There are a number of problems with this thesis, foremost that there is no mechanism through which international law can effectively deal with murderous regimes except through the countervailing actions of other nation-states. Collective Security is a nice theory with a highly problematic history because it assumes that states will act out of abstract altruism and justice instead of interest. If international law were worthy of the name, then Saddam Hussein would never have been able to turn Iraq into a charnel house in the first place.

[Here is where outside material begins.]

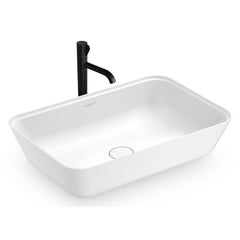 StoneArt Wastafel LC203 - mat wit - 60x40cm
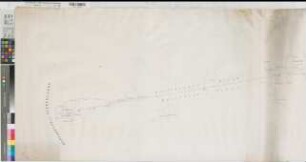 Coesfeld (Coesfeld) - Vreden (Vreden) - holländische Grenze Verlauf der Landstraße von Zwillbrock bis Vreden (1833) (1 : 5166) 65 x 205 Zeichnung (Kampfwick) KSM Nr. 514,2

The second problem is that the analogy Professor Cole uses here is entirely wrong. I cannot grab an unconvicted murderer off the streets and lynch him because I live in a state with positive laws and a system of justice to enforce them. A far more accurate analogy to international law and Iraq would be shipwreck survivors stranded on a deserted island who have agreed on a basic standard of conduct – however there is no authority to enforce or strictly define these standards. One of the survivors proves to be repeatedly violent, menacing and a danger to everyone else so after several ” close calls ” with the thug, I pick up a rock and bash in his skull before he can do anyone further harm. Have I committed an act of murder or an intelligent and necessary act of self-defense ?

Most of what passes for ” International Law ” are simply arguable moral claims advanced by interested parties. The most solidly ” legal ” core of international law is considered binding because nations-states have agreed almost universally to restrict themselves with certain provisions out of self-interest. Enforcement comes only in the cases of the most egregious violations when the moral outrage of the world can be coupled with the selfish interests of the great powers to intervene. That is about the best we can expect from such a system and if ardent advocates of International Law Theory get their way, we won’t even have that much.

International law is best taken with a healthy dose of common sense. Did the nature of Saddam’s regime morally justify intervention ? Of course it did. Do we have the resources to intervene everywhere else all at once ? Of course not but we can take opportunities to act where interest, morality and reality coincide.